Database Selection & Design (Part IX)
— Microservices Data Access Patterns —
Database selection process depends on the Application Architecture. Data Management in a monolithic systems can get pretty complex. However, it could be a completely different ball-game in a microservices architecture. There are different patterns available to help with this complexity. Few of them are discussed below.
CQRS (Command Query Responsibility Segregation):
In most of the application scenarios, the read and write frequency varies drastically. It would be either write heavy or read heavy. This pattern is used to separate the reads and writes into separate data stores. This helps with the decoupling of the command and query models. The application should not have any direct access to change the contents directly to the read store. With read-only replicas, there is a flexibility to place these data stores near to the application instances, which will improve the performance tremendously.
Pros:
- Read and Write schemas can be completely different and can be optimized for read efficiency and write efficiency. By storing a materialized view in the read database, the application can avoid complex joins when querying
- Read and Write store can scale independently. Also, different database types can be used to for read and write stores. Example: Write can happen to relational and read can happen from a non-relations database type
- Security can be managed more tightly, as there exists a responsibility separation
- Each view can be complex with relations and can be rebuilt at the background
Cons:
- The consistency of data between them should be closely managed. It is always going to be eventual consistency, due to which there will be a stale data read situation can can come up from this design. This pattern is different from caching by where the data is stored.
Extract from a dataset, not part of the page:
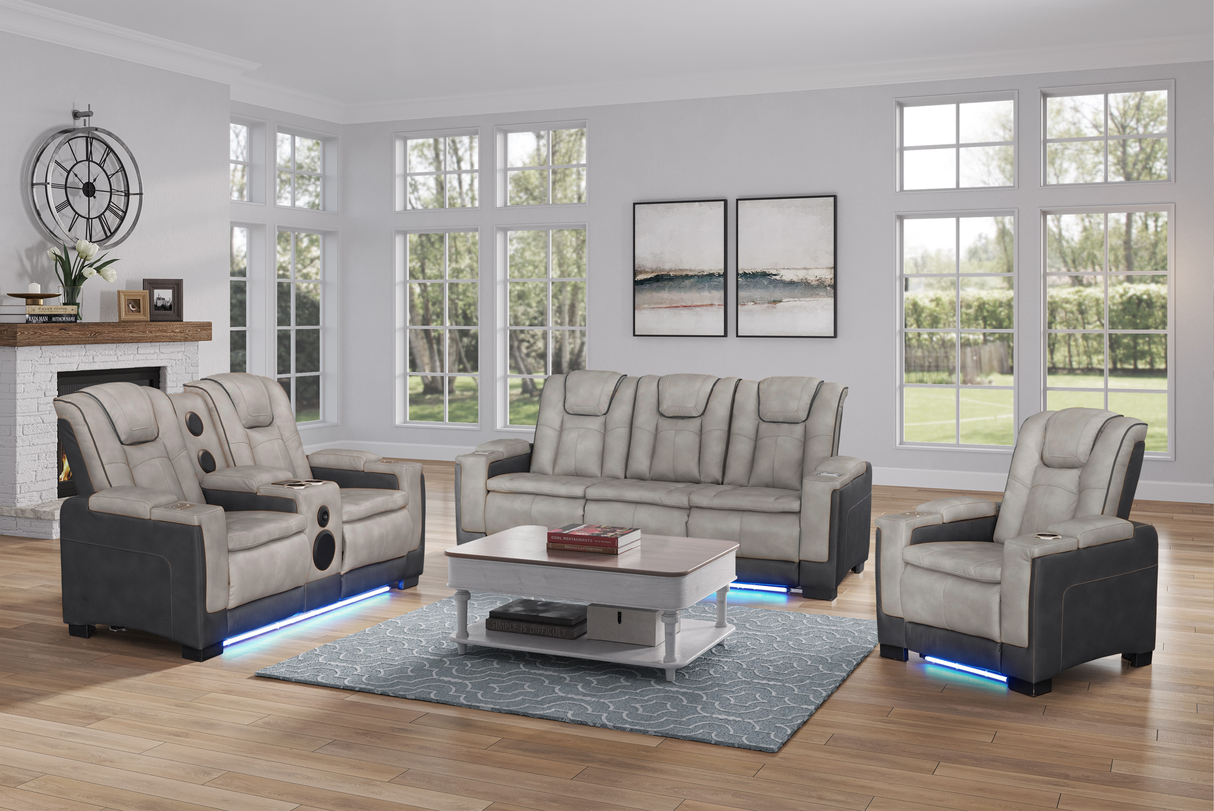 Gray 3 Piece Power Reclining Living Room Set with LED Lighting, Storage, and USB Ports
- The design can get more complex quickly, as you combine this with other patterns like Event Sourcing
Event Sourcing:
This pattern is designed to store the operations on the data in a sequence of events. These events are recorded in an append only mode and is stored in a persistent event store. Each event represents a set of changes to the data. This event store acts as the system of record (the authoritative data source) about the current state of the data. The application code’s responsibility is to update this event store and what happens after that is not the responsibility of the application, thus it is decoupled
These immutable events are usually published to the downstream services for further actions. The consumer services then take these events and initiate tasks to complete the rest of the operations. This decoupling of the tasks from the events provides flexibility and extensibility. This can also provide events to external systems notifying them about the addition or update of events. In addition, there is a materialistic view that is created to service the read operations from the application.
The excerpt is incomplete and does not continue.